Running Tolerance- all you need to know about Garmin’s new injury avoidance metric

what is Garmin Running tolerance

What is Garmin’s metric “Running Tolerance”?

Garmin’s Running Tolerance (RT) is designed to help runners recognise and avoid training patterns that might lead to injury. Its primary goal is to give ranges for safe training so that mileage can be maintained or increased safely. It balances the risk of injury with the potential for performance gains.

Many of us are familiar with training load (TL), which quantifies the load on our body by modelling either heart rate or power data. Running Tolerance approaches this differently and attempts to quantify Impact Load (IL). IL consider the biomechanical load, which impacts muscles, joints, and tendons, and accumulates stride by stride. This impact varies based on a complex combination of factors. Simplistically, a single step whilst sprinting downhill will have a greater IL than a single step whilst running in Z2 up a gentle incline.

With that in mind, we can see how generally accepted advice about ‘increasing mileage’ is simplistic – for example, what type of mileage should be increased?

Compatible Garmin devices use algorithms to quantify runs in terms of their total impact on your body. Key inputs like weight, speed, and intensity are combined with running dynamics such as cadence and ground contact time. Uphill and downhill efforts receive special consideration based on steepness and so on. The device continuously analyses performance and impact load, which is then shared with you as an equivalent mileage.

Consider: IMPACT Load as being similar to TSS or TRIMP. It can be added to quantify the Impact Load of any workout, then averaged over time to determine your normal range. just like Training Load, keep your short-term average inside the range. More importantly, you can determine what the impact of your upcoming workout needs to be to stay in range and hence injury free.

Thus, the equivalent mileage approach quantifies how harder, faster running produces higher ground reaction forces and causes more wear and tear than easy jogging. Walking segments during a run produce only half the impact of basic endurance running, while a downhill effort might have up to three times the effect of the same speed on level ground. This insight helps in planning weekly mileage targets. Furthermore, you can review your impact load after a run on your watch or in the Garmin Connect app to see how different parts of the run had different impacts.

Beyond individual runs, Garmin Running Tolerance considers the bigger picture of cumulative impact using two related metrics:

  1. Acute Impact Load: This is a weighted sum to reflect the cumulative and residual impact of your recently recorded runs. The full impact load of a new run is added directly, and its influence gradually diminishes over time. It indicates your capacity to run within your weekly running tolerance on a given day. The accumulation of Acute Impact Load, particularly from efforts like long runs or excessive downhill running, can also extend recovery time recommendations. (Similar to Acute Training Load)
  2. Tolerance: This metric reflects the maximum acute load your body can manage based on your running history. It is personalised and adjusted weekly based on a science-based interpretation of your recent and long-term running history.

Understanding these two metrics helps your load management. If your acute impact load exceeds your tolerance, you should evaluate your immediate training and proceed with care. Consistently pushing beyond this limit will likely be a hazardous training pattern, risking injury.

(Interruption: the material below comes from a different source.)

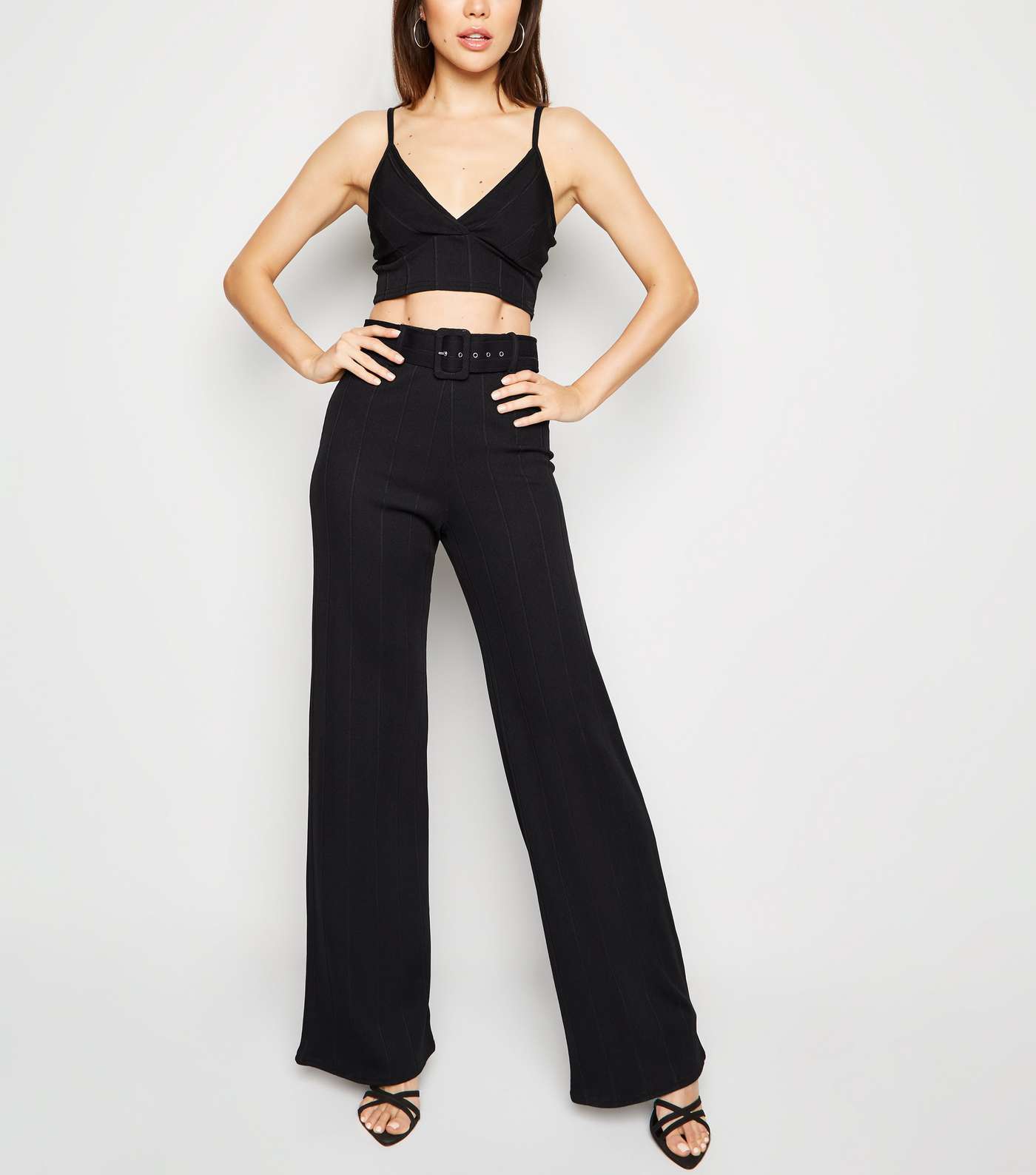 Black Ribbed Belted Wide Leg Trousers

The training week screen (glance) on your Garmin shows recent changes to your running tolerance. Consistently challenging training will gradually increase your running tolerance, and the converse is true – mathematically, a higher daily load increases the moving average and upper range (tolerance!).

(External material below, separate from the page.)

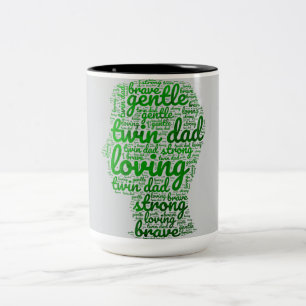 Twin Dad World Cloud Green and Grey Two-Tone Coffee Mug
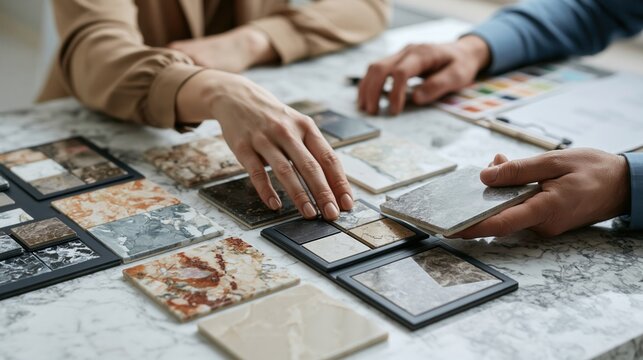 Interior designer and client choosing marble tile samples for kitchen renovation project.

Science: Bowser (2018) – Tibial shock is correlated with loading rates, which supports the idea that metrics derived from device-based measurement can be a proxy for lab equivalents.

 

Garmin Metrics

Key RT data is accessed via the Running Tolerance GLANCE, typically by the up/down buttons on the left. Glances can be manually added and removed.

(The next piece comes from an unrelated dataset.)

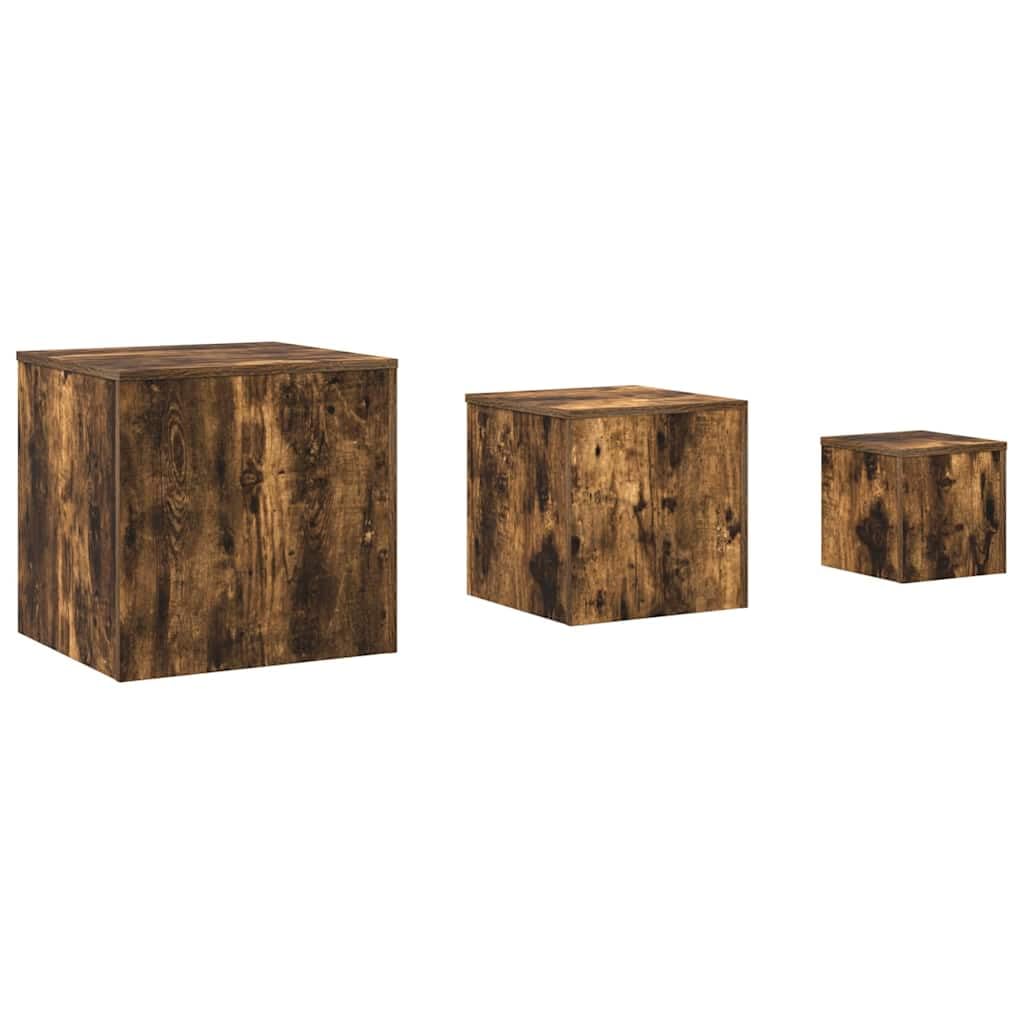 Juego de 3 mesas auxiliares de madera de roble ahumado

  • Acute Impact Load (distance) by day and week
  • Tolerance distance/week, in total and trended by day for a week
  • Actual weekly distance and actual daily distance

 

Running Tolerance – Supported Watches

Some of the raw data for Running Tolerance is only captured (at launch) by the HRM 600 chest strap and only displayed on the Forerunner 970.

The RT metric will likely be quickly passed to Fenix 8 owners who buy the strap.

It’s unclear if Garmin will roll this back to older watches or include it in the Connect+ subscription for older watches, which would be a decent idea from Garmin’s perspective. After all, many older watches give all the other running dynamics metrics based on a strap, RD POD or from the wrist. The watch hardware is capable of supporting RT with an HRM 600.

Take Out – Running Tolerance.

Initially, this seemed like ‘yet another metric’ and is certainly not a fancy, neon coloured one you can brag about to your friends. (VO2max, we’re thinking of you here).

RT is a helpful addition to the Garmin stable. It’s not a metric you will probably regularly look at. However, when training hard and you think you might be getting close to some limit, it’s perhaps worth monitoring Running Tolerance to see if that ties with how you feel, perhaps telling you to back off for the next few runs – or even to do the planned distance but on a less phsically stressful route.

I also suspect, from experience of training by ‘feel’, that this metric might be able to latch onto a problem before you realise or feel it exists.